Capital Gains Taxes Explained

It has been a long time since I’ve written a nerdy post. So, I needed to exercise that need.

Capital Gains taxes aren’t a sexy topic by any means; however, understanding a little about capital gains taxes will help you understand how rigged the system is in favor of wealthy. It’s things, like capitals gains taxes, that have caused me to be as progressive as I have become.

For the purposes of this post, we are talking about long-term capital gains. Let’s break the definition down into parts. To keep it simple, we will go in this order: capital; gain; and long-term.

A capital transaction almost always involves the sale of stocks or real estate. Other things can be capital assets, but we are keeping this simple.

A capital gain is the increase between what you paid for the investment and what you got for selling it. If you lost money on the sale, it’s a capital loss.

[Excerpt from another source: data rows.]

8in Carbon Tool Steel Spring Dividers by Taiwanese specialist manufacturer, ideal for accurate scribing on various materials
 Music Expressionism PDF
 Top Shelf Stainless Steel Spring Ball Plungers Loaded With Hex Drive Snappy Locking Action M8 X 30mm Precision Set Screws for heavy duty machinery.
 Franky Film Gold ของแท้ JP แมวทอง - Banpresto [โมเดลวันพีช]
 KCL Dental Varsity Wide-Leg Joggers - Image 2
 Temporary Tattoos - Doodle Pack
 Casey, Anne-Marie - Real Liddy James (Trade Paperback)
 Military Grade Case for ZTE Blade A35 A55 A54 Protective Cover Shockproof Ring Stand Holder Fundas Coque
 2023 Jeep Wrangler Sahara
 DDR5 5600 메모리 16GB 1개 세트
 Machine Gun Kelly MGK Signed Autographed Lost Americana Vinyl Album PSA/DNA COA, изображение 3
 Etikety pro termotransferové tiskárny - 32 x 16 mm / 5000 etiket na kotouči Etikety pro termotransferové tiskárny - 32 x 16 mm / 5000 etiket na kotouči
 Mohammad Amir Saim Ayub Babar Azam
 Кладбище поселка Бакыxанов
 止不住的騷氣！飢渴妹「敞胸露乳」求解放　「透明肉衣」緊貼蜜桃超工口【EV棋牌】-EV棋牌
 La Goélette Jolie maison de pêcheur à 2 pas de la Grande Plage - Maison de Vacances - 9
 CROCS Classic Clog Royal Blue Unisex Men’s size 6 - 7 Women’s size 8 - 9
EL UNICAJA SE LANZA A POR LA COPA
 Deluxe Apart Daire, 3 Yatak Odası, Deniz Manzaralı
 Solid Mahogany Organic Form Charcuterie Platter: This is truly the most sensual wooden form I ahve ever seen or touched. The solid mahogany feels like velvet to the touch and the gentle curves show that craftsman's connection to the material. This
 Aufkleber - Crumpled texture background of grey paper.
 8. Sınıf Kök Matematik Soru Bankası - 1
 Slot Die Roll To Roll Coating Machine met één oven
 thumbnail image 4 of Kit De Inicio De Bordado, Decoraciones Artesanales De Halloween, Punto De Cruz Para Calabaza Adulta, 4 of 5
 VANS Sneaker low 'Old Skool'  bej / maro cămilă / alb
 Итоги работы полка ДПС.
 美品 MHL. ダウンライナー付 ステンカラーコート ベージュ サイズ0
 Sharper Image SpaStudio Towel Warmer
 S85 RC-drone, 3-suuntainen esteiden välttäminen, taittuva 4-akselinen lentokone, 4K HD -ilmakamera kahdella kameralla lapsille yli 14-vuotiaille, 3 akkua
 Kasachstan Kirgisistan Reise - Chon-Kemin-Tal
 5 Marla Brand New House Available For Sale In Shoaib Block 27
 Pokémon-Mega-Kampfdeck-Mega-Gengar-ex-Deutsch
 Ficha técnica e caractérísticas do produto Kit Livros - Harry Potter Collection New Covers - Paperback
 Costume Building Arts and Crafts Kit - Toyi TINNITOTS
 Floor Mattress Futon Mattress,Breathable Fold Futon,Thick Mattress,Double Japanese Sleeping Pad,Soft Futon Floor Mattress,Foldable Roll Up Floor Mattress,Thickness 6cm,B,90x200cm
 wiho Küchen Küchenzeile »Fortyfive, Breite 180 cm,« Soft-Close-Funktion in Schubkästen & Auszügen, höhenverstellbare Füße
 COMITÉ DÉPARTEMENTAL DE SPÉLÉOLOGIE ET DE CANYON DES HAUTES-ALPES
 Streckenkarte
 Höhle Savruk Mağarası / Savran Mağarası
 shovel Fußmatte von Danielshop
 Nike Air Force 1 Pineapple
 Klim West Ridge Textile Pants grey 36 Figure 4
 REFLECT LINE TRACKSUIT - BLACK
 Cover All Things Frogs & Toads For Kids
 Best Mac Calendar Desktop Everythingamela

In order for a capital asset to qualify for the special tax treatment afforded long-term capital assets, you must have held it for at least 366 days.

Under current tax law, people in the 10% and 12% tax brackets don’t pay the capital gains tax. Since the 12% bracket ends at $39,475.00 of taxable income, in order to pay no capital gains tax your taxable income must be below $39,475.00. Since you have had to hold the capital asset for more than a year, very few people in the 10% and 12% brackets are able to take advantage of the zero capital gains rate.

Here’s where things really start getting unfair. The 15% capital gains tax rate begins at the $39,475.00 limit and extends through the 35% tax bracket. The 37% tax bracket begins at $510,300.00. This means that everyone with a taxable income between $39,475.00 and $510,310.00 pays the same 15% capital gains tax.

The top capital gains tax rate is 23.8% and begins at the top income tax bracket of 37%. As cover above, the 37% tax bracket begins at a taxable income of $510,310.00. If your taxable income is at least $510,310.00 your capital gains tax rate is 13.2% lower than is your income tax rate. So, wealthy people, who are most likely to own stocks, get a huge break by having their stock income taxed as capital gains instead of income.

Note, the tax brackets discussed in this post are associated with taxpayers filing a single tax return on income earned in 2019.